§ Task to complete: Using the listing below, set down exactly the lines from the one that contains "陈铁雄-浙江省政协副主席陈铁雄一行走访调研天童禅寺" through the one that contains "2406 Midway Road", with no pictures.

§ Data listing:

-------------------------

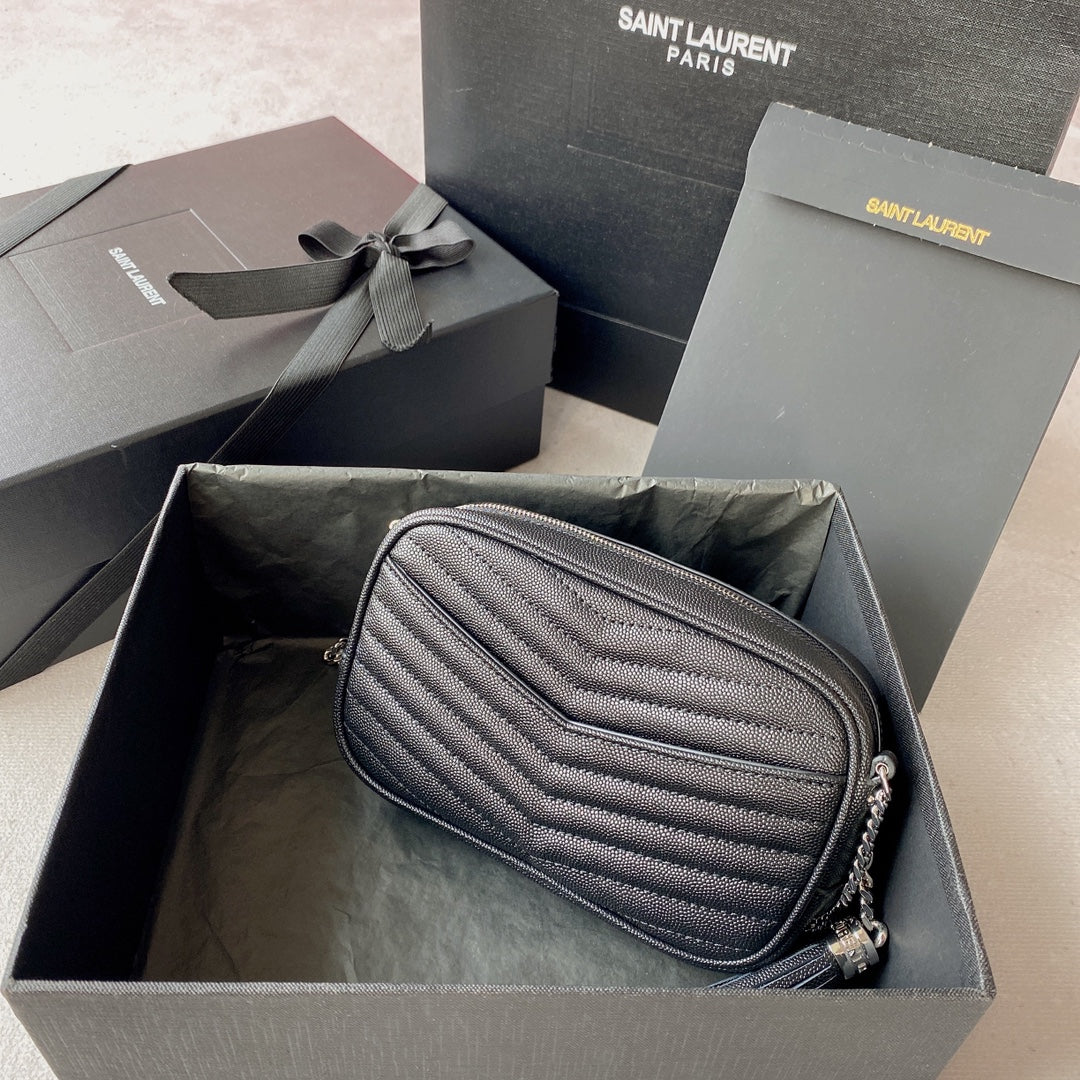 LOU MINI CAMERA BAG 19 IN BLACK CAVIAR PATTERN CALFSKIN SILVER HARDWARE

-------------------------

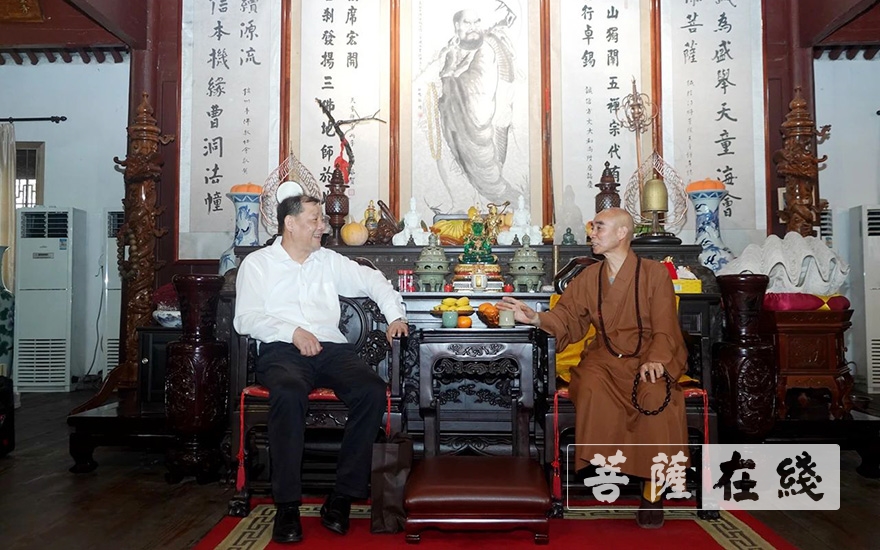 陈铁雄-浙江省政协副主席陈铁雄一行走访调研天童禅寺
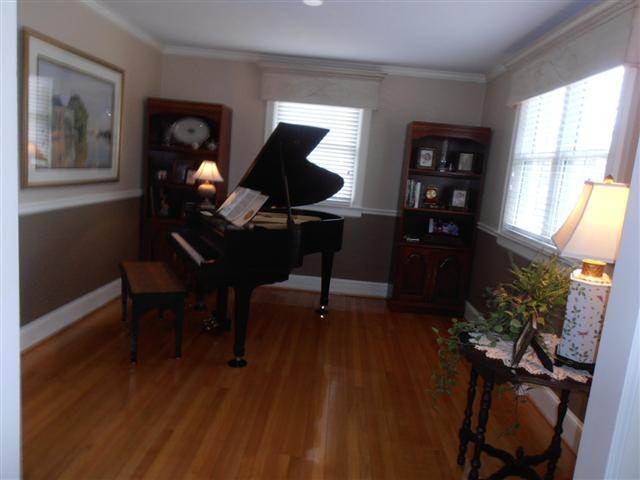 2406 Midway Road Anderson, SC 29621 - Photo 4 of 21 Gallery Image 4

-------------------------

§ Response to this exercise:
 陈铁雄-浙江省政协副主席陈铁雄一行走访调研天童禅寺
 2406 Midway Road Anderson, SC 29621 - Photo 4 of 21 Gallery Image 4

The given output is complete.